#### WHAT TO DO:
Any picture must be dropped, but each line of the data should be duplicated exactly.

(Items from a dataset)
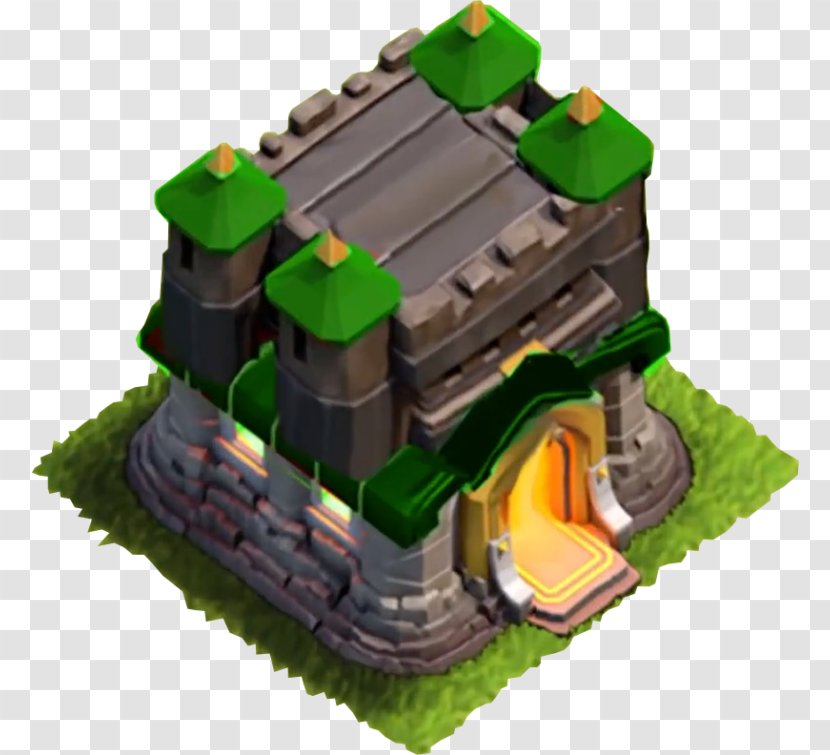 Clash Of Clans Royale Game Ratusz Video-gaming Clan - Community Transparent PNG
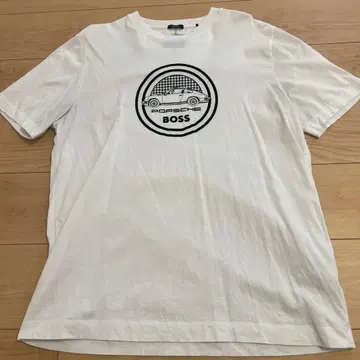 포르쉐 x BOSS 콜라보 티셔츠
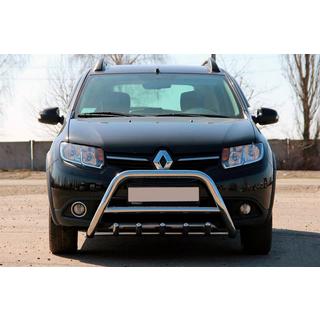 Voorste bullbar WT003 (RVS) foto 2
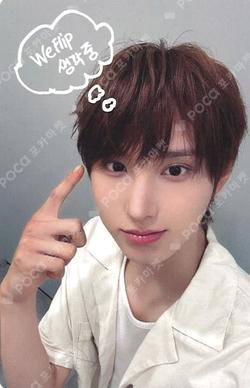 My First Kick MAKESTAR Juwang photocard image
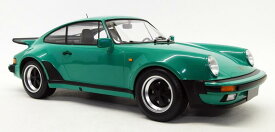 ミニカー　1/12　ミニチャンプス　ポルシェ　911　ターボ　緑色　Minichamps 1/12 Scale Diecast 125 066118 - 1977 Porsche 911 Turbo【限定予約商品】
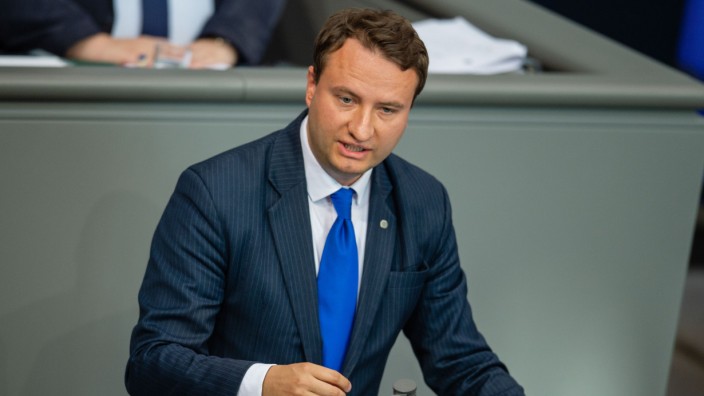 Bundestagsabgeordneter Hauptmann legt Mandat nieder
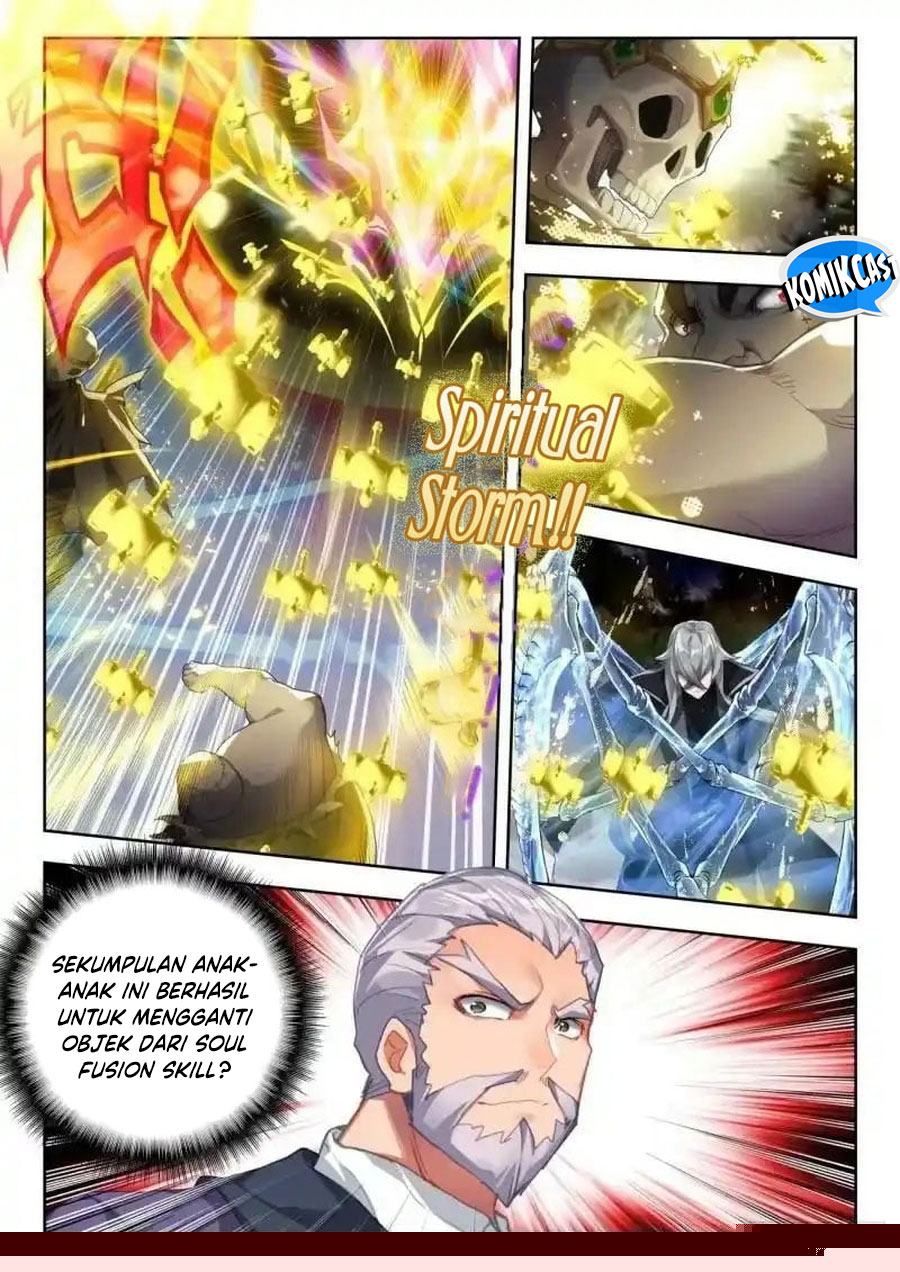 Soul Land 2 Chapter 378 - halaman 6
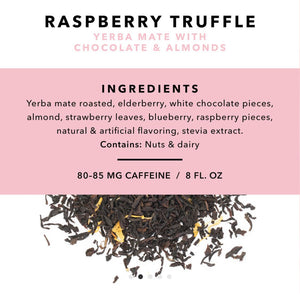 Raspberry Truffle Loose Leaf Tea
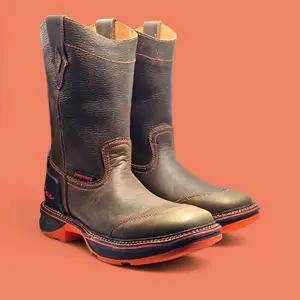 waterproof boots for work style
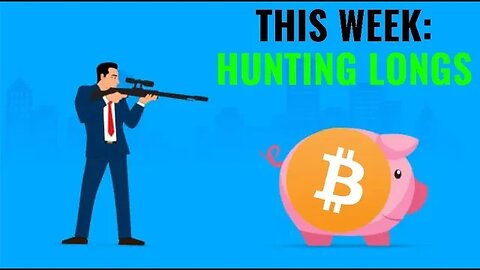 HUNTING LONGS IN #BITCOIN #CRYPTO #STOCKS & MORE!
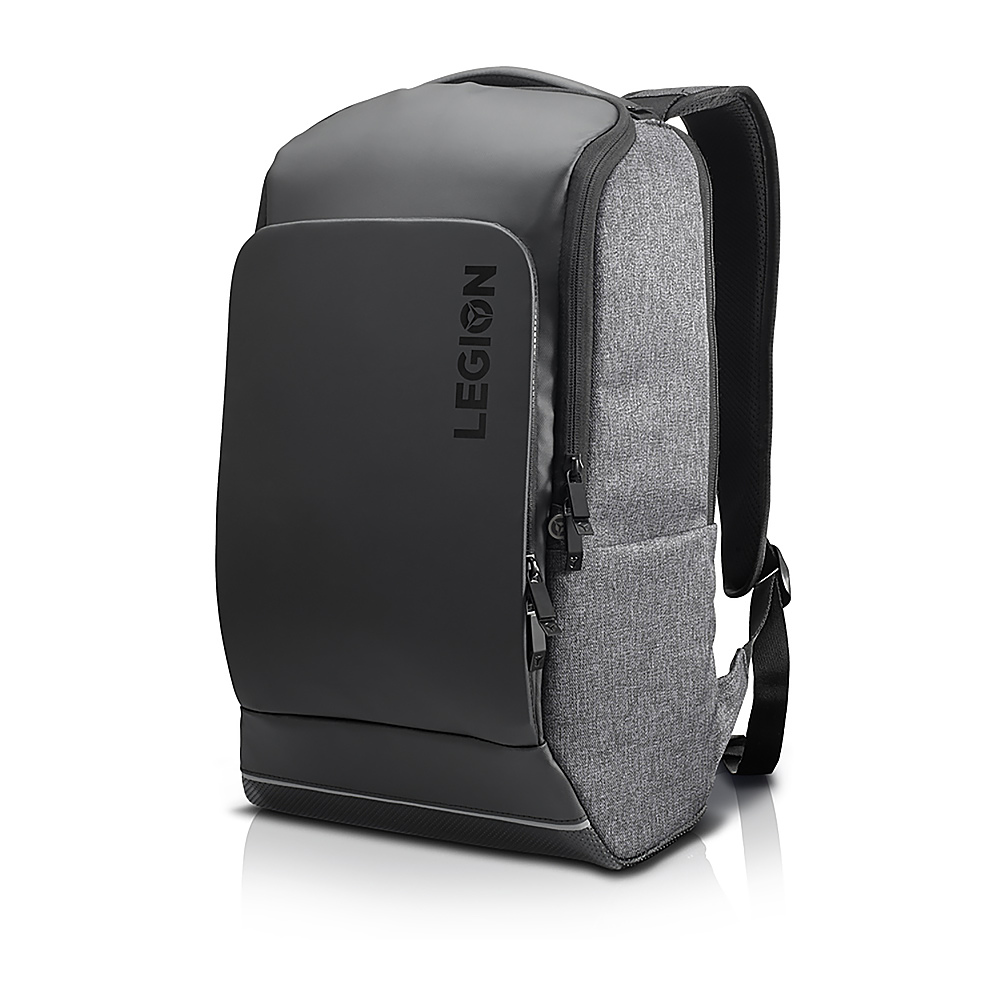 Lenovo - Legion 15.6" Recon Gaming Backpack - Black / Grey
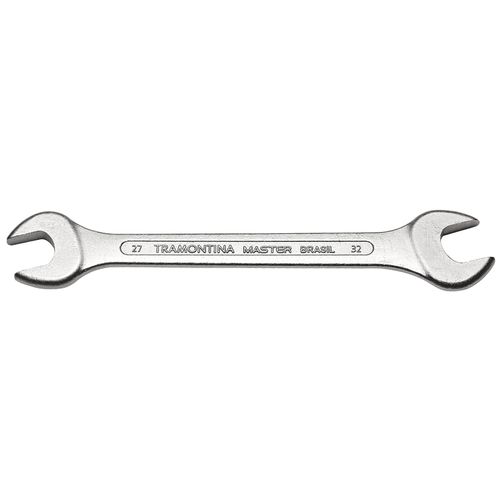 Llave Fija 27X32 Mm Cromada Tramontina Master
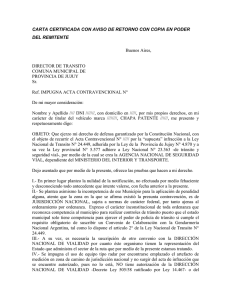 Modelo VII - Jujuy - Dirección Nacional de Vialidad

#### ANSWER SECTION:
 Clash Of Clans Royale Game Ratusz Video-gaming Clan - Community Transparent PNG
 포르쉐 x BOSS 콜라보 티셔츠
 Voorste bullbar WT003 (RVS) foto 2
 My First Kick MAKESTAR Juwang photocard image
 ミニカー　1/12　ミニチャンプス　ポルシェ　911　ターボ　緑色　Minichamps 1/12 Scale Diecast 125 066118 - 1977 Porsche 911 Turbo【限定予約商品】
 Bundestagsabgeordneter Hauptmann legt Mandat nieder
 Soul Land 2 Chapter 378 - halaman 6
 Raspberry Truffle Loose Leaf Tea
 waterproof boots for work style
 HUNTING LONGS IN #BITCOIN #CRYPTO #STOCKS & MORE!
 Lenovo - Legion 15.6" Recon Gaming Backpack - Black / Grey
 Llave Fija 27X32 Mm Cromada Tramontina Master
 Modelo VII - Jujuy - Dirección Nacional de Vialidad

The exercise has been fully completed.